Clients are pieces of code that talk to the Living Labs API. We recognize two types of clients: participants and sites. Sites are search engines that share queries, documents and clicks. Participants rank documents for queries using clicks. Clients need API keys. You can use the keys obtained in the Fill the Database section or look them up via the Dashboard.

3.1.7.1. Run a Site

To run a site client and upload queries and documents, you can do the following:

$ ./bin/client-site --host localhost --key SITEKEY -q -d

This assumes the API runs on localhost, your own computer. If the --host argument is omitted, a default online API (specified in ll/core/config.py) is used.

It will take TREC queries/runs/document (see -h for file locations and how to change them) as a basis. By default, train queries are added. If you want to upload test queries, use --query_type test. Alternatively, with the --letor switch, this client will accept Learning to Rank (Letor) data.

Then, to simulate interactions, run the following:

$ ./bin/client-site --host localhost --key SITEKEY -s

Again, this will take TREC data (qrels) to simulate clicks using a simple cascade click model. Or, again, with the --letor switch, a Learning to Rank (Letor) data set.

The simple simulator will print the NDCG value of all the rankings it receives from the API.

Note that the site client is not at all aware of the participants, the site client simply talks to the API. So if there are multiple participant clients present, the API does not know about this and the NDCG will thus reflect the average performance of all participants. This is by design. For per-participant statistics, one should use the Dashboard.

If you want to run multiple sites, you should create multiple keys and start multiple instances that talk to the same API.

For your convenience, you can download learning to rank (Letor) data sets here:

3.1.7.2. Run a Participant

To run a simple participant implementation, you can do this, again assuming the API runs on localhost:

$ ./bin/client-participant --host localhost -k PARTICIPANTKEY -s

The API key can be obtained through a procedure explained in Fill the Database or through the Dashboard.

This will run a baseline system that simply greedily reranks by the number of clicks.

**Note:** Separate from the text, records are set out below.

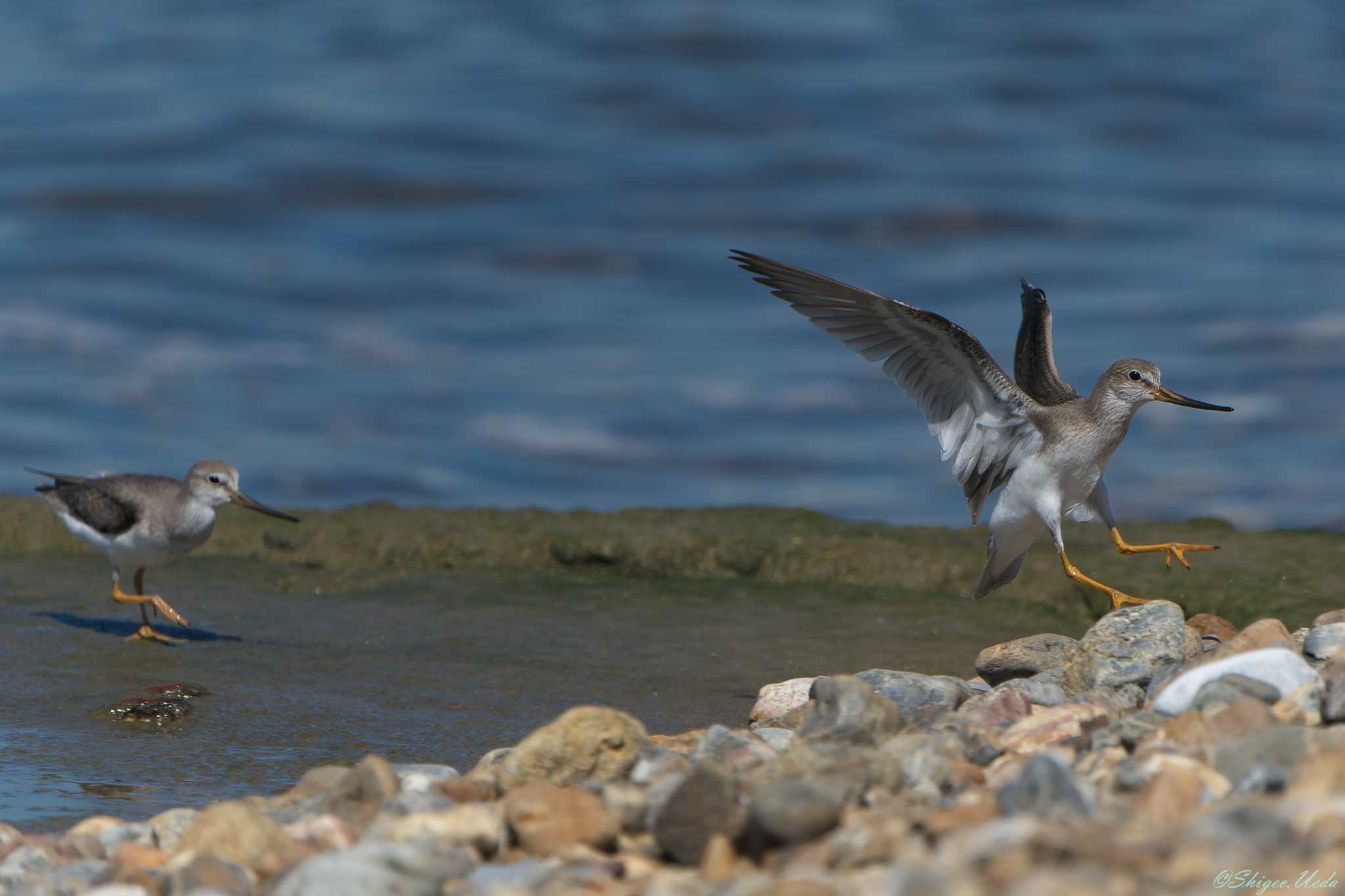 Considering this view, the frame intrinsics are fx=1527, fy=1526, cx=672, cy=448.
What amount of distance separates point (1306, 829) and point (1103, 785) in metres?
0.68

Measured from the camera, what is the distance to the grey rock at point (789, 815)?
281cm

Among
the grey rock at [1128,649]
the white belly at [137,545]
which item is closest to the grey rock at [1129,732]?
the grey rock at [1128,649]

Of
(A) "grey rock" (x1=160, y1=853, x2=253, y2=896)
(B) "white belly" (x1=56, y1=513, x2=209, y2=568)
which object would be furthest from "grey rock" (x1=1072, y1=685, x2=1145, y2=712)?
(B) "white belly" (x1=56, y1=513, x2=209, y2=568)

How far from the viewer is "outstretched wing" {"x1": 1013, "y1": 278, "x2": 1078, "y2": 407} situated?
6113 mm

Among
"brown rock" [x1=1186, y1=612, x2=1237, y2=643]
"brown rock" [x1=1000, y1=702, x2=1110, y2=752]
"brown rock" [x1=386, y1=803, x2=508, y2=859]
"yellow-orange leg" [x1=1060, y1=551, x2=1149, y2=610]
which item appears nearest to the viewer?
"brown rock" [x1=386, y1=803, x2=508, y2=859]

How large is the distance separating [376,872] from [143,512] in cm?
383

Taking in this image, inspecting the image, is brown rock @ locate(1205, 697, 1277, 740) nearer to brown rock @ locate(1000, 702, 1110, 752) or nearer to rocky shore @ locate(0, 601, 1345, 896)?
rocky shore @ locate(0, 601, 1345, 896)

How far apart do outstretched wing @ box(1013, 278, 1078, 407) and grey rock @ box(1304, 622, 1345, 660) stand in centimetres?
206

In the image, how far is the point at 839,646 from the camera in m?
5.55

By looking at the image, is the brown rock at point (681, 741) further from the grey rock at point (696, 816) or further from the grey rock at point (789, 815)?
the grey rock at point (789, 815)

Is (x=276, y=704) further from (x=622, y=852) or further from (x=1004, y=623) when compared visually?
(x=1004, y=623)

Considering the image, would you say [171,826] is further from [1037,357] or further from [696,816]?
[1037,357]

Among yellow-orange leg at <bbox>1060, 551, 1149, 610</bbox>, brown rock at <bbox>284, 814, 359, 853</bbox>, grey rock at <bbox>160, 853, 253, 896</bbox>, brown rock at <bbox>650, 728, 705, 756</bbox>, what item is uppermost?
yellow-orange leg at <bbox>1060, 551, 1149, 610</bbox>

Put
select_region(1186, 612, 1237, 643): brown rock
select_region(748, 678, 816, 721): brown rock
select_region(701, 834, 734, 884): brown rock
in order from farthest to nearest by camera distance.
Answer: select_region(1186, 612, 1237, 643): brown rock < select_region(748, 678, 816, 721): brown rock < select_region(701, 834, 734, 884): brown rock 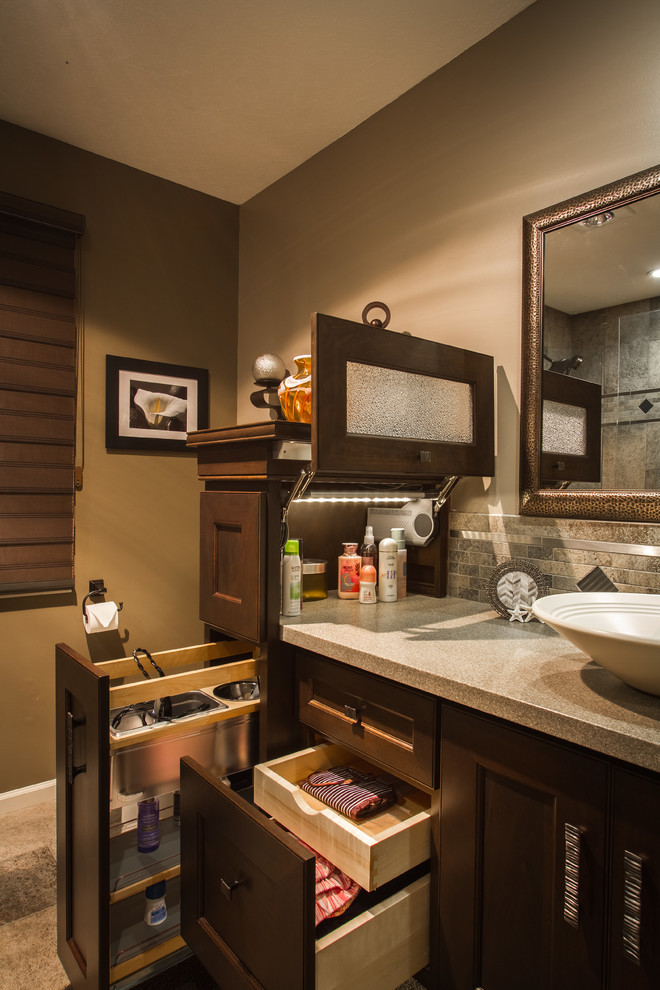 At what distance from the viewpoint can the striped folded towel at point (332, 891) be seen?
1.20m

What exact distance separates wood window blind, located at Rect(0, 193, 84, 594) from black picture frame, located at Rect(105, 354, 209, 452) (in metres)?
0.18

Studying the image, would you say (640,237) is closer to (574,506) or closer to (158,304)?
(574,506)

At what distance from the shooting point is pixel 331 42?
6.23ft

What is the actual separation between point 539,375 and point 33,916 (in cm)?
224

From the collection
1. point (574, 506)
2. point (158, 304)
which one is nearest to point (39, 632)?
point (158, 304)

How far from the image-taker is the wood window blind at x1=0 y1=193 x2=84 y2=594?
2332 millimetres

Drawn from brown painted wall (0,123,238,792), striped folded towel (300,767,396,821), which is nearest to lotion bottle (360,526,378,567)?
striped folded towel (300,767,396,821)

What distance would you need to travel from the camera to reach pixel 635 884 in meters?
0.86

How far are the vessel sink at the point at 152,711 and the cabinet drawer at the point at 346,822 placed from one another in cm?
29

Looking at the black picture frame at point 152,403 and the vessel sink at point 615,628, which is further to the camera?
the black picture frame at point 152,403

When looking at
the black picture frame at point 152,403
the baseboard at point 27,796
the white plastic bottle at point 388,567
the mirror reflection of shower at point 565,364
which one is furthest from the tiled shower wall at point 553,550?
the baseboard at point 27,796

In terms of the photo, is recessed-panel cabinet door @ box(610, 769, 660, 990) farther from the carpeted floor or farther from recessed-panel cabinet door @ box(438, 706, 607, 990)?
the carpeted floor

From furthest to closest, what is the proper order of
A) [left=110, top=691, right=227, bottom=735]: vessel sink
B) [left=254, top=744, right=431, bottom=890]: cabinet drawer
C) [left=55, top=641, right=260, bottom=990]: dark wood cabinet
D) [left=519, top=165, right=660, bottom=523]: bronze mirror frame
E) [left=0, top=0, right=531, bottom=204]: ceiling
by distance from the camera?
1. [left=0, top=0, right=531, bottom=204]: ceiling
2. [left=110, top=691, right=227, bottom=735]: vessel sink
3. [left=519, top=165, right=660, bottom=523]: bronze mirror frame
4. [left=55, top=641, right=260, bottom=990]: dark wood cabinet
5. [left=254, top=744, right=431, bottom=890]: cabinet drawer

Note that you may need to specify the host/port where the API is running (see -h for details on how to do that).

If you want to run multiple participants, you should create multiple keys and start multiple instances that talk to the same API.

3.1.8. Dashboard Installation

Note

You may not need to install a Dashboard yourself, read the guide.

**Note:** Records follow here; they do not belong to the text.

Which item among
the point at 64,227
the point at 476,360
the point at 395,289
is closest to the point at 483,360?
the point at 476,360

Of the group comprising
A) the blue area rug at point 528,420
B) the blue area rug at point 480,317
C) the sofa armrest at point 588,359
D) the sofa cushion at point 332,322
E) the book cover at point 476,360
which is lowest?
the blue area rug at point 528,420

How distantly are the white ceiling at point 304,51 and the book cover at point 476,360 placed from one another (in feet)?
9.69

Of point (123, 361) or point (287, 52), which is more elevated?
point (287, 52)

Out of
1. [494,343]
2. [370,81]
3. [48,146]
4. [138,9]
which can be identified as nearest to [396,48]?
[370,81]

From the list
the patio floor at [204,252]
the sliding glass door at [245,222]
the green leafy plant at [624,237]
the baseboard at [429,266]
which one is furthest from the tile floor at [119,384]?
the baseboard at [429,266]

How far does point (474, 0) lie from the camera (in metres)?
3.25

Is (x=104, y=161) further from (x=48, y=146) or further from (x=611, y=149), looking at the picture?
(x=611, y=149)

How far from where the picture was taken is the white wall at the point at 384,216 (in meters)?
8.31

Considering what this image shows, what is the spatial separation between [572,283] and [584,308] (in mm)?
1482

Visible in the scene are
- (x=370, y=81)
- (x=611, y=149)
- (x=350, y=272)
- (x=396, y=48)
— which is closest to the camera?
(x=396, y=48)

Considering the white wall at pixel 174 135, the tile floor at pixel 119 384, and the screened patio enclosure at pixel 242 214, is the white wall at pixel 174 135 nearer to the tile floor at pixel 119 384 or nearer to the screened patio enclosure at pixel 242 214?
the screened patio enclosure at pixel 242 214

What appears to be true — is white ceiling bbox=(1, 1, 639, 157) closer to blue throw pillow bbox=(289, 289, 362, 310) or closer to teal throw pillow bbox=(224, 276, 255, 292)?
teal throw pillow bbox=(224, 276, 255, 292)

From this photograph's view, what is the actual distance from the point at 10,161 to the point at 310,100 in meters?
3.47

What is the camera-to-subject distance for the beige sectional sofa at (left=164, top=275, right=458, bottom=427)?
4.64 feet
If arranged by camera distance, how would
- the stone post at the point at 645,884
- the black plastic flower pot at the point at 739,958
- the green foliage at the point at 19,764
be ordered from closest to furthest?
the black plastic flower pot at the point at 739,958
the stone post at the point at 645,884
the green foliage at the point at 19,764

If you are running a local version of the API for development, it is a good idea to also run a dashboard with it.

To start the dashboard, fill out the dashboard fields in the local copy of the general LivingLabs configuration file (config/livinglabs.local.ini). In particular, you will need a recaptcha key (see http://www.google.com/recaptcha), that will fill the recaptchaprivate and recaptchapublic fields. csrfsecrettoken and secretkey are both random strings you should generate.

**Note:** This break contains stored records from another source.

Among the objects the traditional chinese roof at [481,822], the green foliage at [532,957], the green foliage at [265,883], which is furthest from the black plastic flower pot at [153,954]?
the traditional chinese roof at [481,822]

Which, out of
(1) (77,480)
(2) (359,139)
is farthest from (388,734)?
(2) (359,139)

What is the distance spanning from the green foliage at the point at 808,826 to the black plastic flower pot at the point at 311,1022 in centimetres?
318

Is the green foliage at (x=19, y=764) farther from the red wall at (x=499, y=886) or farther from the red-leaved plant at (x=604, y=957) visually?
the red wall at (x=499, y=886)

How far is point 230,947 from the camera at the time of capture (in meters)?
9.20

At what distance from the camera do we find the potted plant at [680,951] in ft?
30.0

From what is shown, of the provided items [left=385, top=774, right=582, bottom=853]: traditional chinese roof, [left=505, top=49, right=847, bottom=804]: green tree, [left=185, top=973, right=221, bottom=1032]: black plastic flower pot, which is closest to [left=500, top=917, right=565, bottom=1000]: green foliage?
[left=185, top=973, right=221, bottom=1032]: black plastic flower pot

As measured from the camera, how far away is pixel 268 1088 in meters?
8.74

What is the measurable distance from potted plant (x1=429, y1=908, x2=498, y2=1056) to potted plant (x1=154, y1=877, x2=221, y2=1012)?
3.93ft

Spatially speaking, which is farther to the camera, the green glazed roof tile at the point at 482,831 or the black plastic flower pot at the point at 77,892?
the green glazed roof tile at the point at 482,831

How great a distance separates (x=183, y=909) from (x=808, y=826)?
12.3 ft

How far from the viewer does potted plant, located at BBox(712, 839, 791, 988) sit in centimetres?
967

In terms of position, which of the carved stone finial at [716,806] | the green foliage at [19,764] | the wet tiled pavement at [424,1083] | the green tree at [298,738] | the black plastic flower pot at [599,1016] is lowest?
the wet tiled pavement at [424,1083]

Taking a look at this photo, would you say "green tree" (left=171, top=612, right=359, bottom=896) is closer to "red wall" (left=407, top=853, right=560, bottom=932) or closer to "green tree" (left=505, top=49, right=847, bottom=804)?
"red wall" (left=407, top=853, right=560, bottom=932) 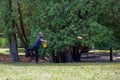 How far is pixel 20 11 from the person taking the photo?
70.2ft

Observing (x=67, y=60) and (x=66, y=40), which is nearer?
(x=66, y=40)

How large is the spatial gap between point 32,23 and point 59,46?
2462mm

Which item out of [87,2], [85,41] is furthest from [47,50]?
[87,2]

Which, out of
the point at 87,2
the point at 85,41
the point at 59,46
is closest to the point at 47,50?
the point at 59,46

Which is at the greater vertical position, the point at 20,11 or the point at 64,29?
the point at 20,11

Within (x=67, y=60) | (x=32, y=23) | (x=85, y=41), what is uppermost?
(x=32, y=23)

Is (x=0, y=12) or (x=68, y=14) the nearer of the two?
(x=68, y=14)

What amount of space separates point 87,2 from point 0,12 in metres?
5.72

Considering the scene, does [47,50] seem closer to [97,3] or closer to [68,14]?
[68,14]

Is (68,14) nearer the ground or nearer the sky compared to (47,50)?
nearer the sky

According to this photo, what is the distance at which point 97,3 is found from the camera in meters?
18.4

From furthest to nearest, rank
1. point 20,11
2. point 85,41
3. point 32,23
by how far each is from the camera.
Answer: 1. point 20,11
2. point 32,23
3. point 85,41

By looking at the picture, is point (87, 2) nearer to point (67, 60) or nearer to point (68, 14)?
point (68, 14)

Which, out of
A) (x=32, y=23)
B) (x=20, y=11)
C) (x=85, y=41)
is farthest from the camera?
(x=20, y=11)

Then run the following command (without config/db.ini for an unauthenticated setup):

$ ./bin/dashboard -c config/livinglabs.local.ini config/db.ini

In general, use --help or -h for more information. By default the dashboard will run on port 5001.

On the Dashboard, you can log in using the users created under Fill the Database. You can also create new users using the Register button. As a participant, you can use the Dashboard to add yourself to one or more sites. If you are an admin, you can verify participants, so they are able to connect with a site.